A word instance is an instance/linguistic utterance of a linguistic word (produced at some place and time).
- AKA: Terminal Word Mention, Surface Word.
- It can be within a linguistic expression instance.
- It can range from being an Atomic Word Instance (e.g. "[fire]!") to being an Embedded Word Instance (“The [fire] is out.”), within another linguistic utterance.
- It can have a Word Sense.
- It cannot be divided into smaller units without changing some of its Intension or Extension.

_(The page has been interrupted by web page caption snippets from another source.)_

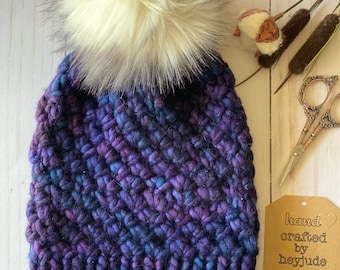 Handknit Merino Wool Beanie: White & Lavender Snowflake Hat with Faux Fur Pom Handknit Merino Wool Beanie: White & Lavender Snowflake Hat  main image 3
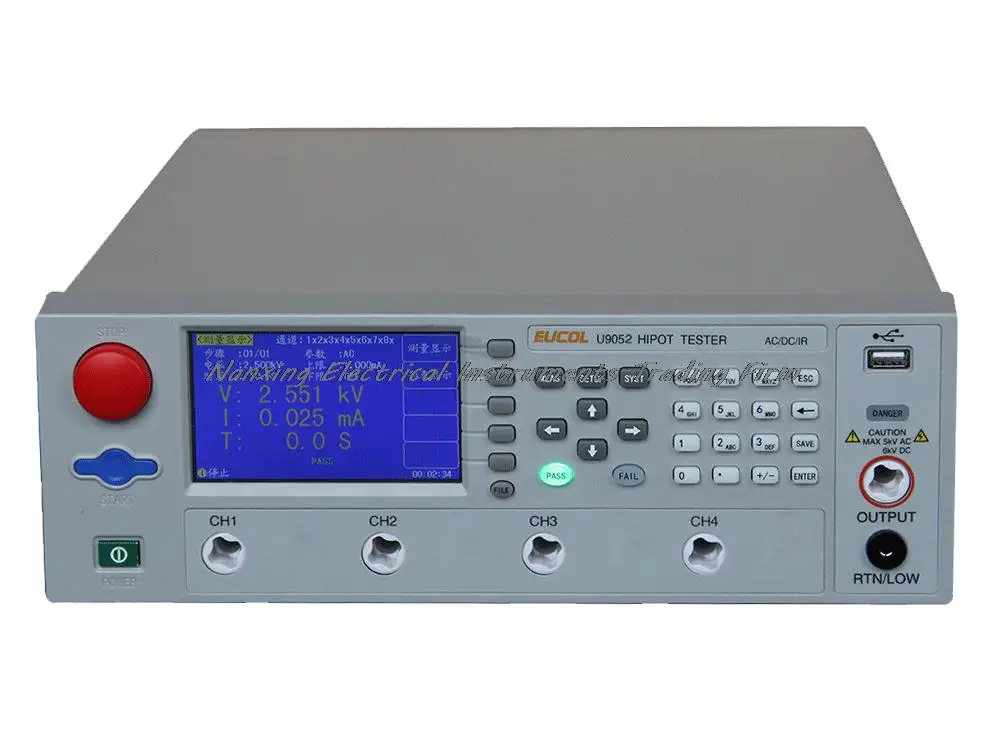 

Eucol U9052 4-Channel Hipot Tester AC:5kV, DC: 6kV, AC 30mA,DC 10mA Insulation resistance test:0.1-10G OHMS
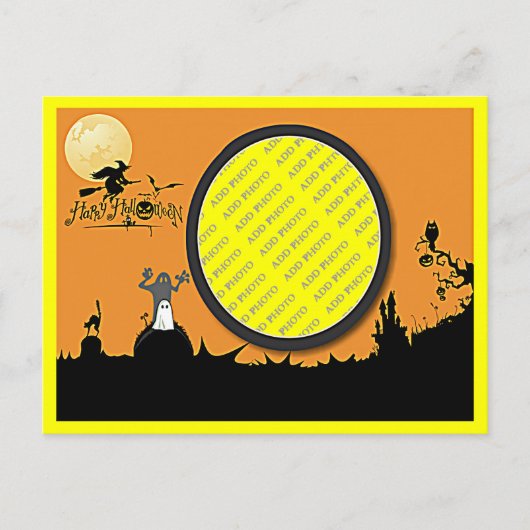 Halloween Night in Oranje Gloed Voeg uw foto toe Briefkaart (Voorkant)
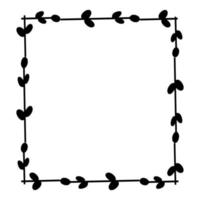 Easter Square frames. Square frame made of willow twigs.Easter wreath made of willow stalks.Vector flat illustration. Design for invitations,printing. Vector illustration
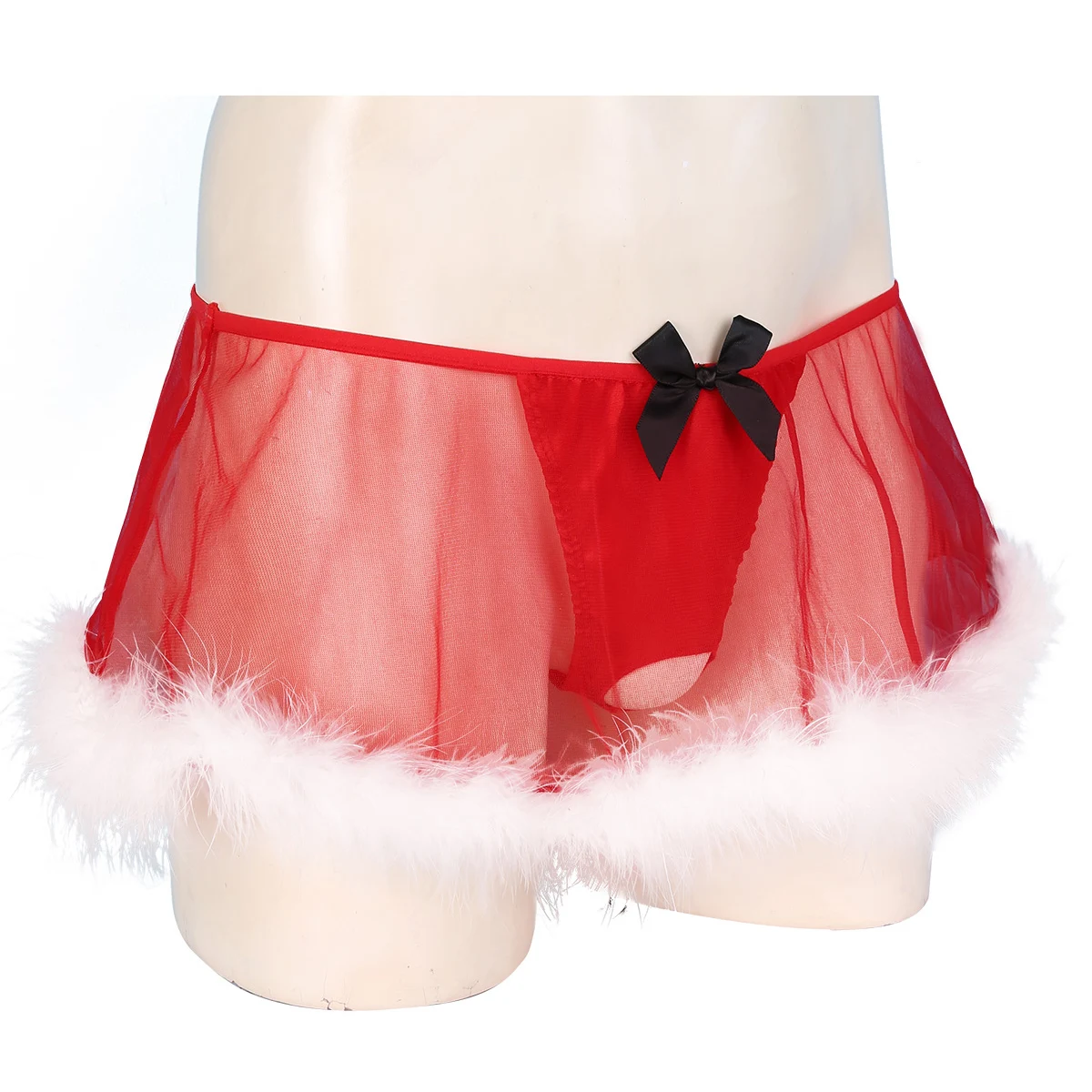Crăciun Lenjerie Barbati Lenjerie de corp Sissy Mos craciun pentru Copii Chiloți Roșii Transparente Sexy Boxeri cu Penisul Gaura Gay Pene Pantalon Fusta 3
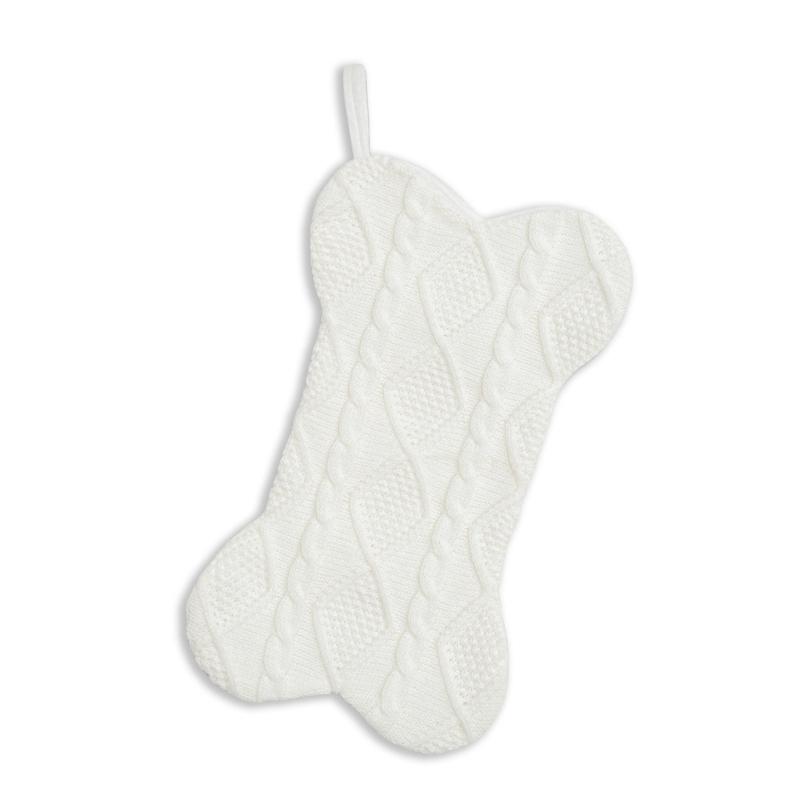 

Knitted Christmas Sock Personalized Bone Shaped Large Capacity Stocking Stylish Hanging Ornament for Family Celebration белый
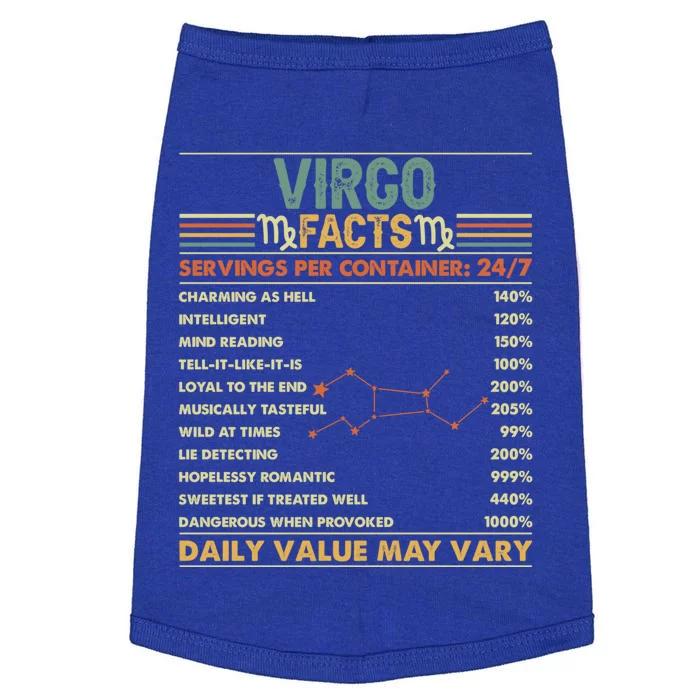 Virgo Facts Funny Zodiac Sign Astrology Horoscope Vintage Cool Gift Doggie Tank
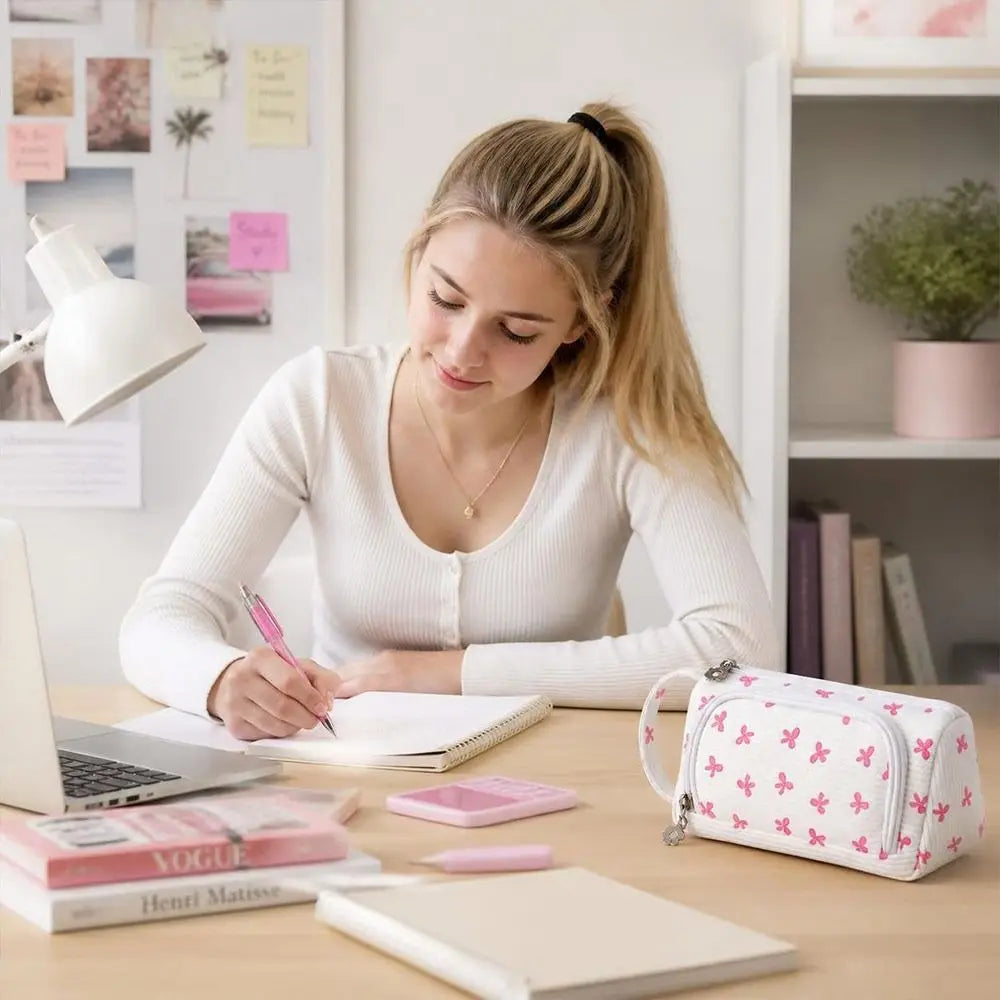 Large Canvas Pencil Case – Big Capacity Multifunctional Pouch
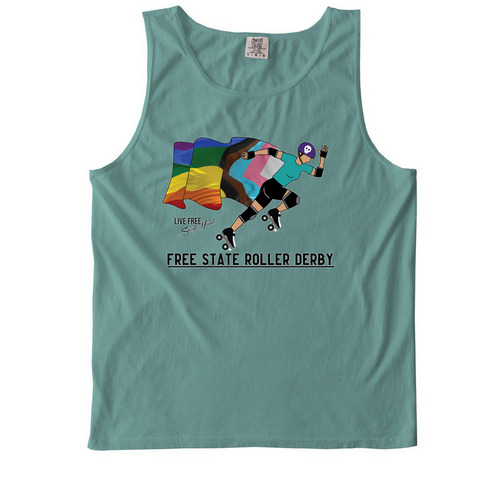 Pride Flag-2, a Seafoam Comfort Colors Tank Top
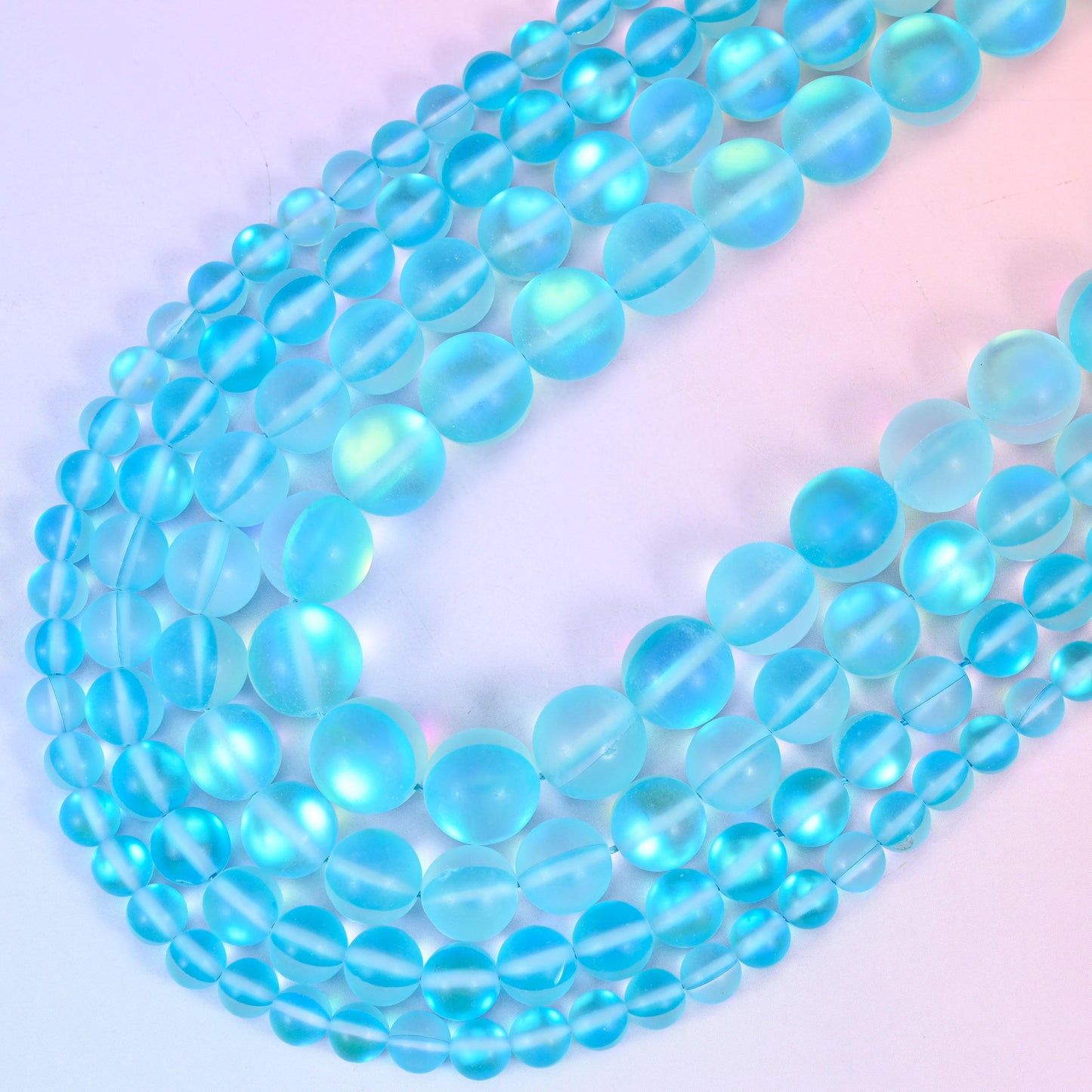 Mystic Aura Matte Light Blue Round Glass Beads: Iridescent Jewelry Making Supply
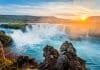 Iceland's beautiful Godafoss waterfall at sunset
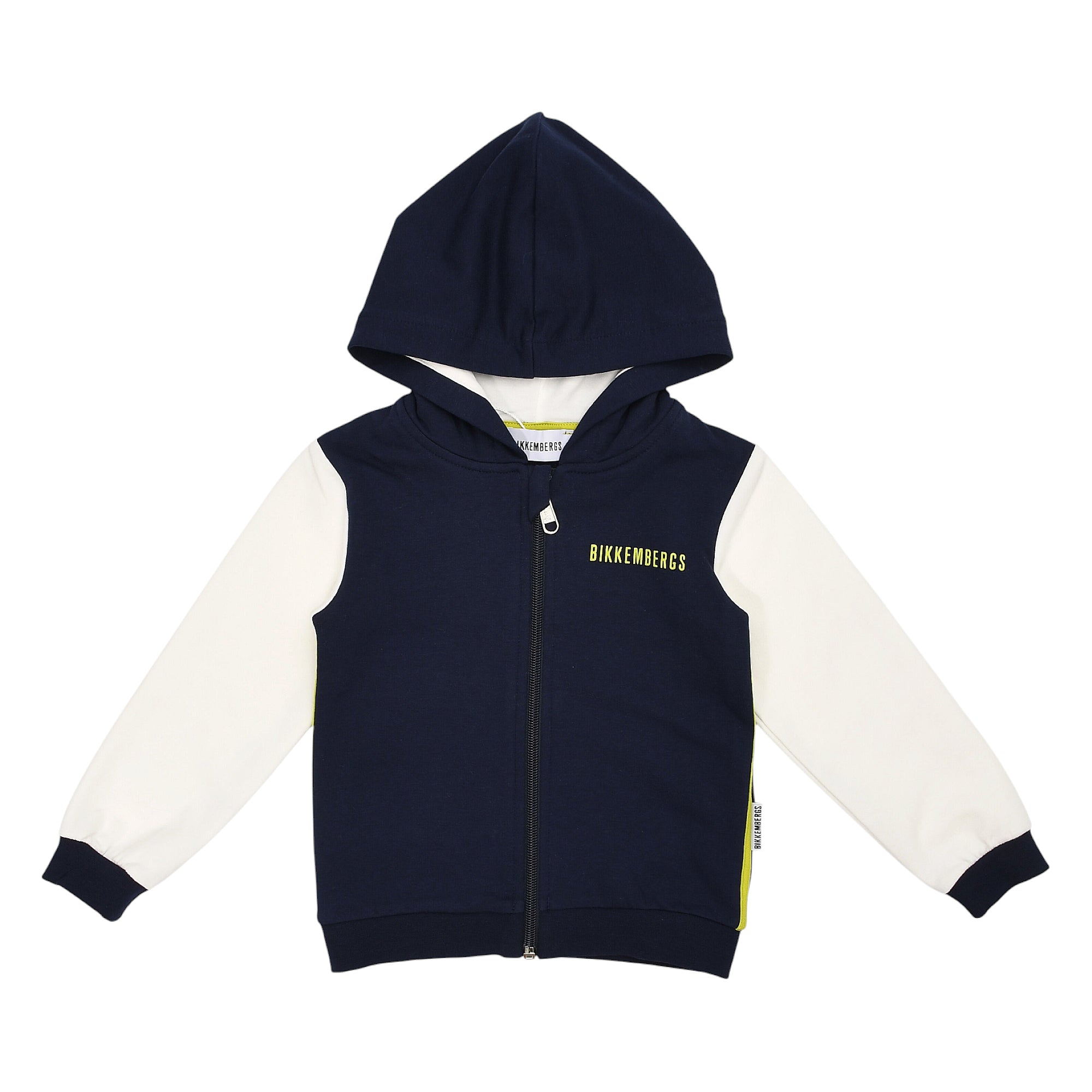 Navy blue full-zip hoodie with cream sleeves, yellow BIKKEMBERGS text on chest, and a vertical yellow stripe on the right sid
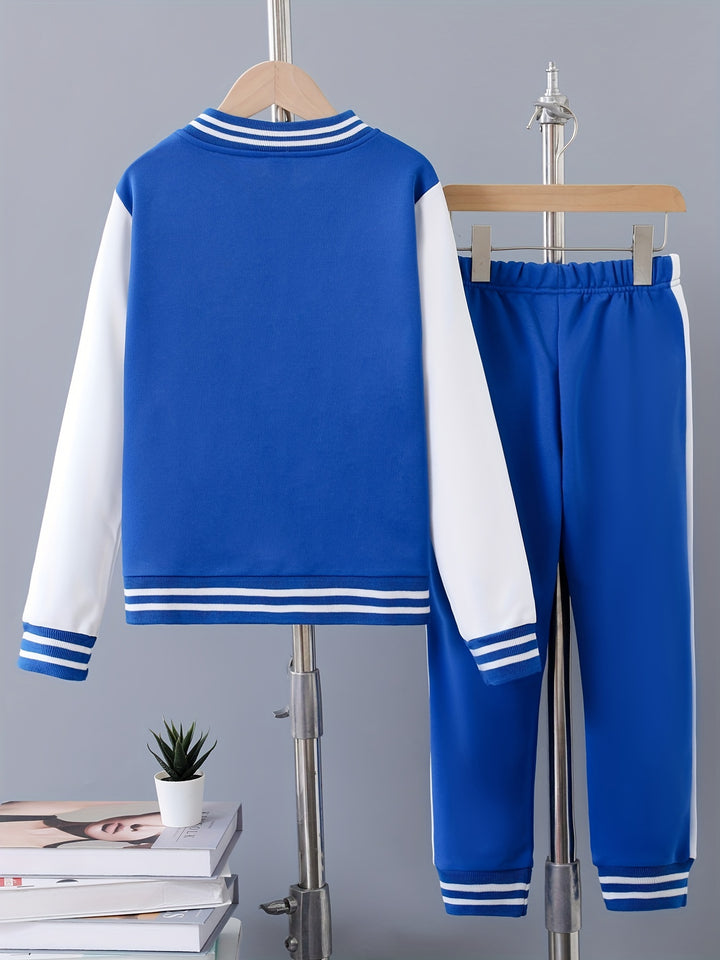 2pcs Boy's Varsity Jacket Outfit, Button Front Coat & Sweatpants Set, Color Clash Bomber Jacket, Kid's Clothes For Spring Fall Winter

E.g. “tea bag” <=> “bag of tea”.
- It can be associated with a Word Mention Boundary.
- It can be:
- a Written Word/Written Word Mention (a Grapheme String with a Word Spelling).
- a Spoken Word/Spoken Word Mention (a Phoneme String with a Word Pronunciation).
- a Signed Word with a Word Gesticulation.
- It can range from:
- being an Ambiguous Word Mention,
- to being an Unambiguous Word Mention.
- It can be identified by a Word Segmentation Task.
- It can be mapped to a Word Form (such as a Word Form Record) by a Word Mention Normalization Task.
- It can have a Word Mention Lemma (or really, be mapped to a Lexeme Lemma).
- All of the word mentions written in this concept description.
- “New York” in “[New York]-based Jamaicans are racking up the minutes.”
- Any Verb Mention.
- Any Noun Mention.
- a Word Form, which is an un-instantiated Abstract Concept.
- a Concept Mention, which can be composed of more than one word mention.
- a Terminal Symbol
- See: Lemmatisation Task, Word Type, Linguistic Agent, Orthographic Word Mention.
- (Mikheev, 2003) ⇒ Andrei Mikheev. (2003). “Text Segmentation.” In: (Mitkov, 2003).
- QUOTE: The first step in the majority of text processing applications is to segment text into words. The term 'word', however, is ambiguous: a word from a language's vocabulary can occur many times in the text but it is still a single individual word of the language. So there is a distinction between words of vocabulary or word types and multiple occurrences of these words in the text which are called word tokens. This is why the process of segmenting words tokens in text is called tokenization. Although the distinction between word types and word tokens is important it is usual to refer to the both as 'words' whenever the context unambiguously implies the interpretation.